Nissan is among a number of automakers that are using this year’s CES stage to announce significant autonomous and connectivity developments. Carlos Ghosn, Nissan’s chairman of the board and CEO, detailed the company’s Intelligent Mobility blueprint during a keynote presentation Thursday, speaking to five core technologies and partnerships:
Seamless Autonomous Mobility (SAM)
SAM has been designed to address autonomous vehicle reactions to unpredictable situations – one of the biggest obstacles to self-driving tech. The system will be used to recognize situations where the autonomous vehicle should NOT act on its own. In the instance of an accident, for example, where police officers are directing traffic over yellow lines, or in other ways that go against an autonomous car’s programming, SAM will safely pause the vehicle and request human commands.
Here’s where it gets interesting. In this situation, SAM isn’t asking for the car’s passengers to act, but rather an available “mobility manager” (presumably some standby operator patched in through Wi-Fi). This manager will then assess the situation and craft a virtual lane for the car to trek. Once past the obstacle, the mobility manager will return control to the vehicle’s computer. This process is then communicated to other autonomous vehicles so they can follow the same route (and avoid engaging other mobility managers).

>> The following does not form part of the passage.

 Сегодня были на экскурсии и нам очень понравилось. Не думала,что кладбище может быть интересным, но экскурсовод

SAM is modeled after NASA’s Visual Environment for Remote Virtual Exploration (VERVE) software, which is used to visualize and supervise interplanetary robots.
“Our goal is to change the transportation infrastructure,” said Maarten Sierhuis, former NASA scientist and director of the Nissan Research Center in Silicon Valley. “We want to reduce fatalities and ease congestion. We need a huge number of vehicles out there. What we are doing at Nissan is finding a way so that we can have this future transportation system, not in 20 years or more, but now.”

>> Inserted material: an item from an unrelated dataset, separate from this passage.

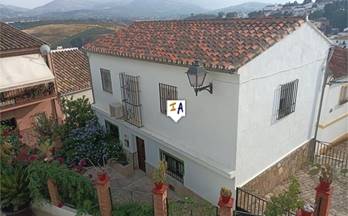 8 casas en venta benaojan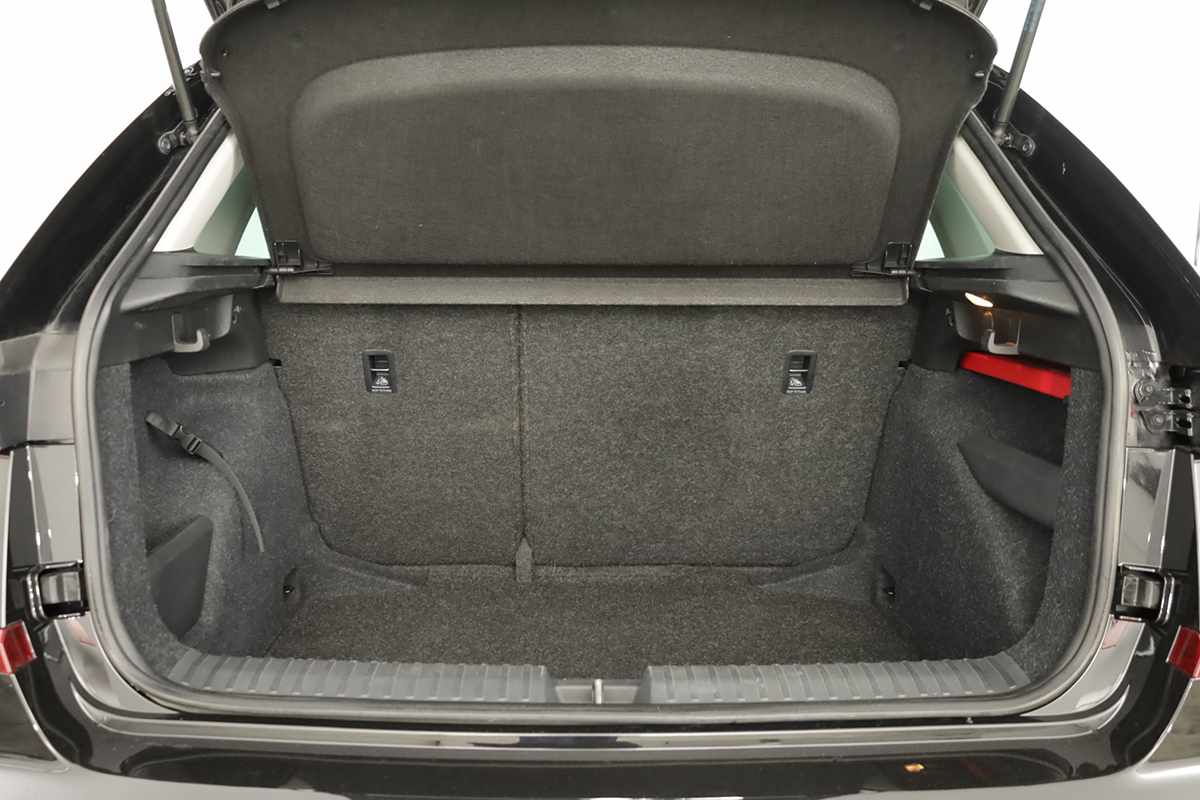 skoda-kamiq-2024-gasolina-999cc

Driverless commercial vehicles
Renault-Nissan will partner with DeNA, a Japanese internet company, to begin testing driverless vehicles for commercial services. The initial tests will start this year in Japan, and by 2020, the two entities hope to expand tests to commercial usage in Tokyo’s metropolitan area.
Renault-Nissan will provide the vehicles and autonomous software, and DeNA will build a mobility service platform. The collaboration plans to launch tests in the U.S., Europe, China, and Japan.
Next-generation Nissan Leaf
Nissan has also given a preview of some of the next-generation Leaf’s onboard technology. Highlighting the electric vehicle’s features will be ProPILOT, an autonomous driving function for single-lane highways. We don’t know exactly when to expect the new Leaf, but given the rapid growth of competition, it’s likely that Nissan is putting a rush on this model. Working in the car’s favor is a giant consumer base — to date, the Leaf has worldwide sales of more than 250,000.
Microsoft connected car tech
Renault-Nissan is furthering its partnership with Microsoft to build new connected car applications. Microsoft’s Cortana personal assistant will be used to improve convenience features for all passengers. Cortana will also let the car adapt to personalized driver settings, even understanding different driver preferences in a shared vehicle.
Nissan partners with 100 Resilient Cities
Nissan is partnering with 100 Resilient Cities, a global nonprofit that helps cities build resilience to physical, social, and economic challenges. The collaboration will help cities prepare for autonomous driving, EVs, and new mobility services.
“The partnership between 100RC and Nissan will begin priming cities for new automotive technology, while creating better mobility for citizens, and building long-term resilience to the shocks and stresses cities may face,” said Ghosn.